Tiffany & Co.’s on Nov. 28 reported quarterly sales that missed estimates as Chinese tourists spent less than expected at the jeweler’s stores in the United States and Hong Kong, a shortfall that sent the company’s shares down as much 13 percent.
Investors were also disappointed by the 181-year-old company’s failure to raise its full-year profit outlook ahead of the holiday season and by growth of same-store sales at a slower pace than expected.
Chief Executive Alessandro Bogliolo tried to reassure investors that while spending outside of China was down, sales in the country were robust.
“We can speculate on the reasons for the tourist spend down outside of China but the reality is that the Tiffany brand is appealing to Chinese customers as evidenced by the continued strong sales growth in mainland China in the quarter,” he said on an investor call.
Some of the increase in demand in mainland China could be attributed to Tiffany lowering prices in the country after the Chinese government cut tariffs on luxury goods, he said.
Bogliolo said Tiffany was shifting more inventory to mainland China, where customers are spending more than abroad.
“When it comes to tourism, what we do is try to follow the customers while they spend … We are increasing our inventory in China because demand there has grown,” Bogliolo said.
“Declining Chinese tourist spending is concerning and may be reflective of strained relations with the U.S.,” said research firm Retail Metrics founder Ken Perkins, referring to the U.S.-China trade dispute. “China’s growth has been slowing so to see strong spending on the mainland is encouraging.”
Tiffany forecast full-year profit between $4.65 and $4.80 per share.
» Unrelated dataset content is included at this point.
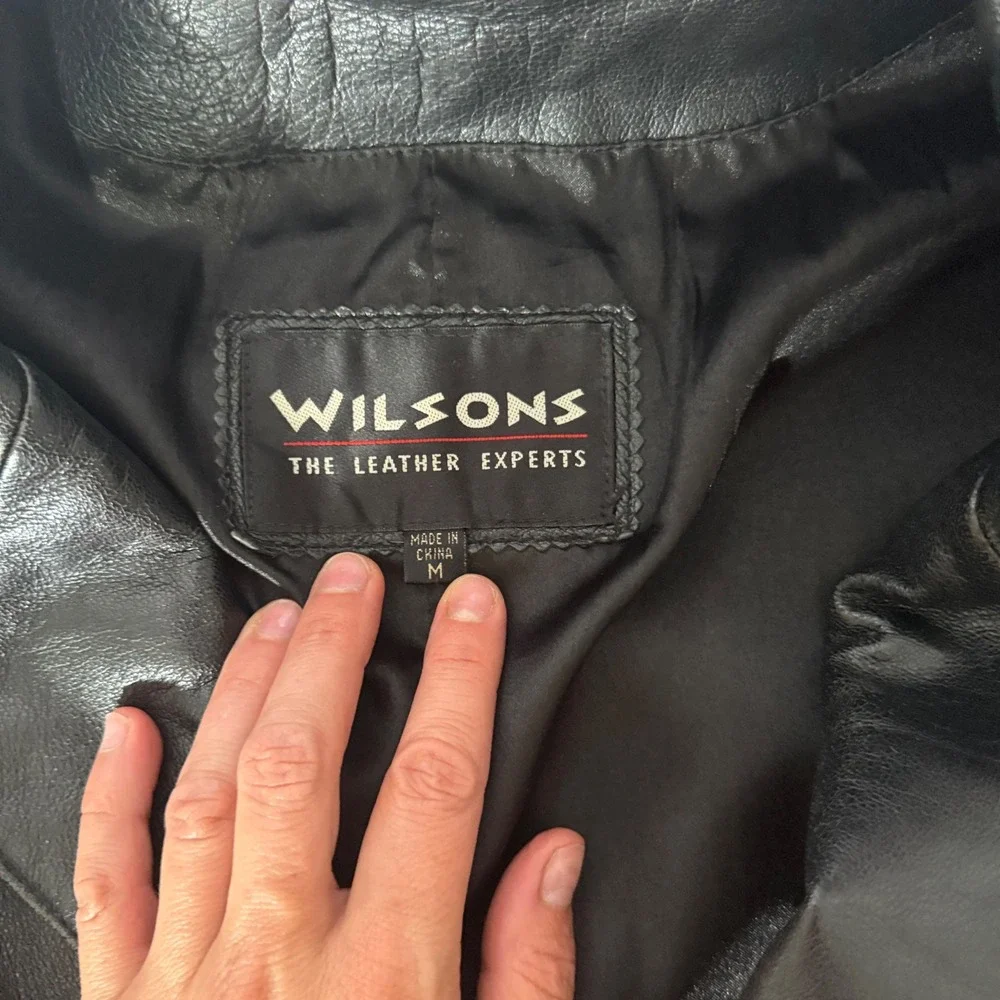 Vintage Wilsons The Leather Experts Mens Black Leather Blazer Jacket  Size M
Analysts on average had estimated $4.83 per share.
The unchanged outlook, among other things, reflected Tiffany’s planned increases in marketing expenditure to entice younger shoppers into its stores and expenses related to the renovation of its flagship store in New York, the company said.
The jeweler has refreshed its collections with more affordable items such as pendants and earrings to appeal to millennials who have been gravitating to lower-priced competitors such as Denmark’s Pandora A/S and Signet Jewelers.
Bogliolo said the company has also invested in marketing to reach Chinese customers and tourists specifically.
“Of course if there are less Chinese tourists traveling, we divert our media from traveling locations—airports etc—more to domestic media, typically digital,” he said, citing the recent launch of its platinum and diamond collection Paper Flowers in China.
The New York-based company’s net income fell to $94.9 million, or 77 cents per share, in its fiscal third quarter, ended Oct. 31, from $100.2 million, or 80 cents per share, a year earlier.
Total revenue rose 3.7 percent to $1.01 billion.
Analysts on average expected earnings of 77 cents per share on revenue of $1.05 billion.
The company’s comparable-store sales, excluding the impact of currency changes, rose 3 percent, while analysts on average were expecting a rise of 5.3 percent, according to IBES data from Refinitiv.